Okemuo, however, added that there is still hope of redemption for the country. He remarked that the fight should naturally begin with the family unit.

“Parents have a tremendous role to play in the moulding of the character and conduct of their children. This could be done through proper home upbringing, being involved in the affairs of their wards and providing guidance where necessary.

“In schools at all levels, the proper values should be reinforced, apart from their studies. Sports serves as an important tool at this point. Government on the other hand should, through the various ministries in charge of youth development, introduce/implement policies to foster good conduct and a reward system to encourage the youth.

“The police should be equipped to ensure the prevention of crimes and, where committed, offenders should be prosecuted without fear or favour. Proper restitution must be served to deter others from going into crime,” Okemuo said.

An entrepreneur, Mazi Fide Ogboko, attributed the high rate of crime among the youths mainly to poor parenting and peer influence.

Okpoko said: “The Bible, which is the moral standard for Christians, says ‘train child the way to follow and when he grows up he will not depart from it’.

“Many parents do not spend quality time with their children and wards due to daily engagements and activities. This is wrong. There is no time to see our children’s day-to-day activities, ask questions, study their movements, inculcate family values in them and discipline them, when necessary. When we don’t do what we are supposed to do, the child will be on his own and everybody will be a teacher to him. The people around him are all he knows and indoctrination comes in at this point.”

Okpoko further remarked that “some parents do not show good morals before their children. They use vulgar words, exhibit violence, get drunk and get involved in other vices not expected in bringing up a child.”
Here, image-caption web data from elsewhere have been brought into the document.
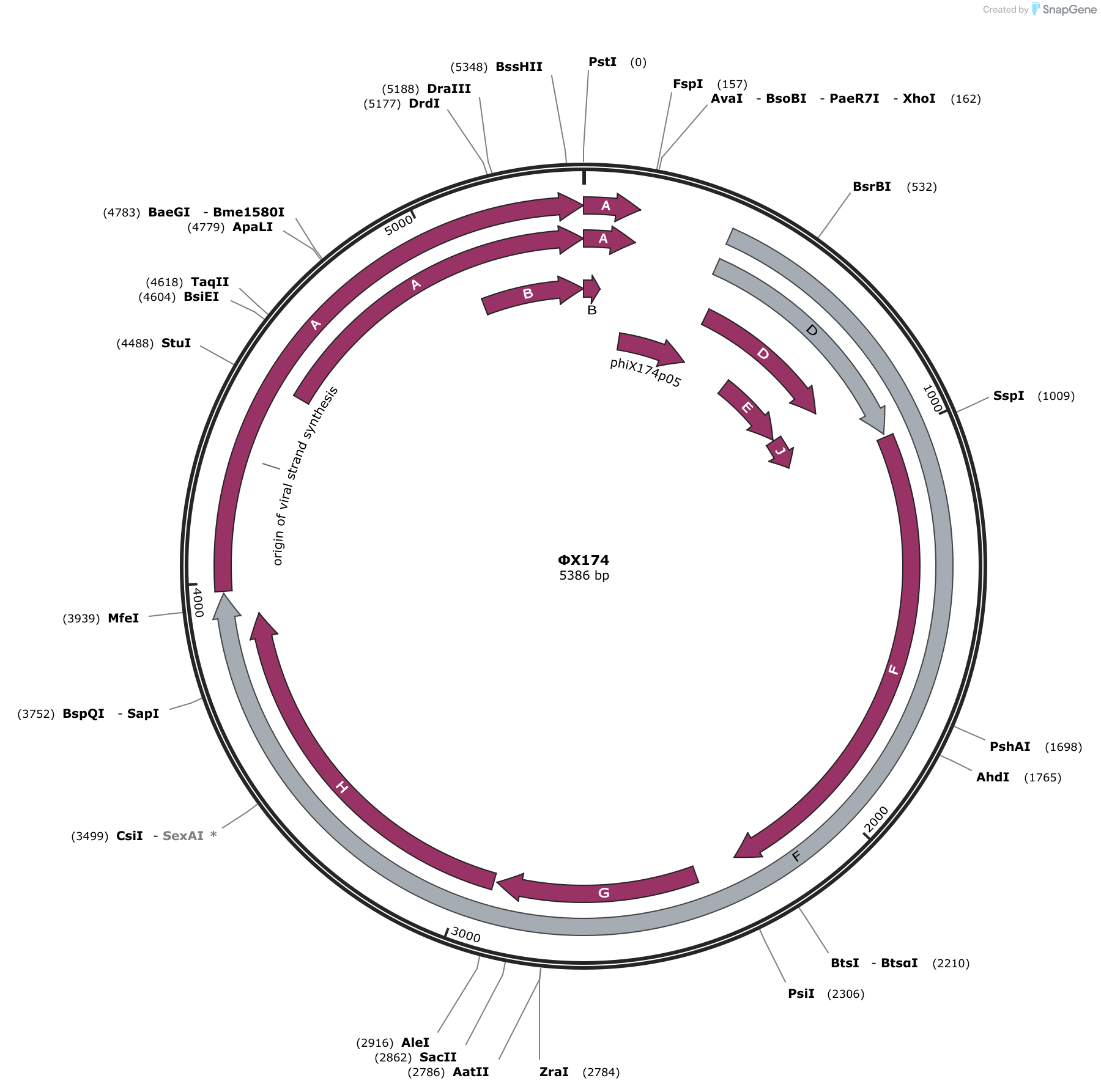phiX174 Sequence and Map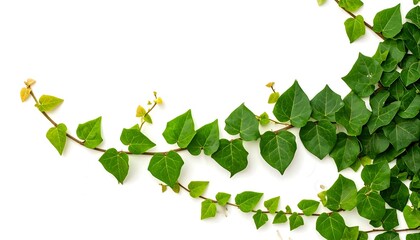 Green ivy vine on white background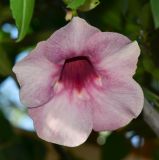 Allamanda blanchetii. Цветок. Израиль, Шарон, пос. Кфар Шмариягу, во дворе. 07.09.2014.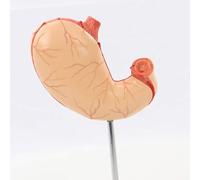 Life-Size Human Stomach Structure ModelStomach Anatomy ModelHuman Digestive SystemOrgansStomach StructureDigestive Medical ModelTraining Aids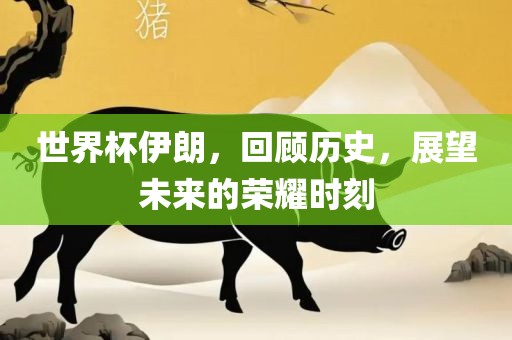 世界杯伊朗，回顾历史，展望未来的荣耀时刻吉安市靖泰电力工程有限公司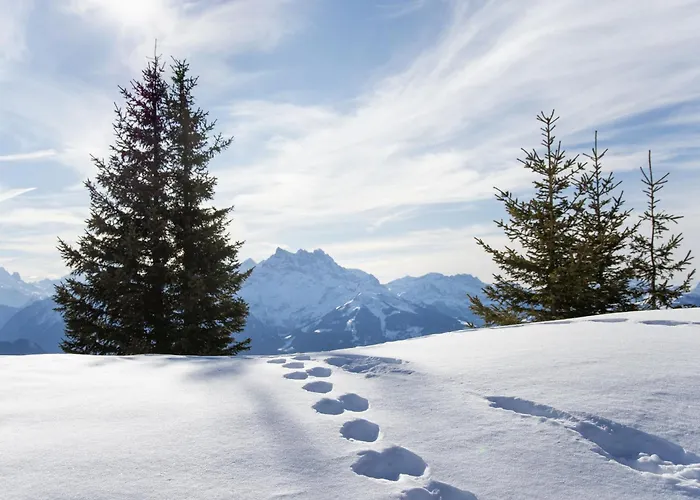 Les Dryades 6 By Interhome Διαμέρισμα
Okpoko urged parents to make friends with their children and wards so that they bond, “They should live exemplary lives before their children.”

Mr. Theodore Nwanya, alias Wahehe, said: “As a father of children and a citizen living in our society, I can attribute the problem of teen crimes to a number of factors.  Number one is poor family background or parental upbringing. This is because the first ever instructor or teacher a child meets is his or her mother or father. Second, there is no fear of God in some homes. Some parents and the society have failed to train their children in the way of the Lord. It is better to let your children cry at the early age when you correct them. Otherwise, both of you will cry at night when they bring disgrace to the family, with bad and terrible behaviours. 

“Lack of education is another factor because a child that is not properly informed will be deformed. If not properly educated, their minds will not be positively developed. However, some youths are going out of their way due to evil communications from their evil friends.”   

Wahehe, a businessman and community leader, further said: “Poverty is a very serious contributing factor to the ills of the society. When youths lack basic necessities of life due to poverty, it leads them into serious immoral and bad behaviours. 

“Government’s misplaced priorities is another issue. Any government that doesn’t have policies of developing human potential, particularly with youths, is a failed government and has contributed negatively so much to the evils of society as we are witnessing today. In other words, some of the negative actions and behaviours being exhibited by young people are fallouts of the misplaced priorities of government.” 

Prince Wiro, coordinator of the Centre for Basic Rights Protection and Accountability, a non-governmental organisation in Port Hacourt, Rivers State, said: “The attitude of law enforcement in terms of lack of diligent investigation is another challenge. When you go to court with evidence that is not tight, the cases are thrown away. When offenders go scot-free, they will be emboldened to commit more crime. We are advocating that offenders should be duly punished to serve as deterrents to others.

“Religious leaders should also remove themselves from such matters. There can’t be forgiveness without justice.”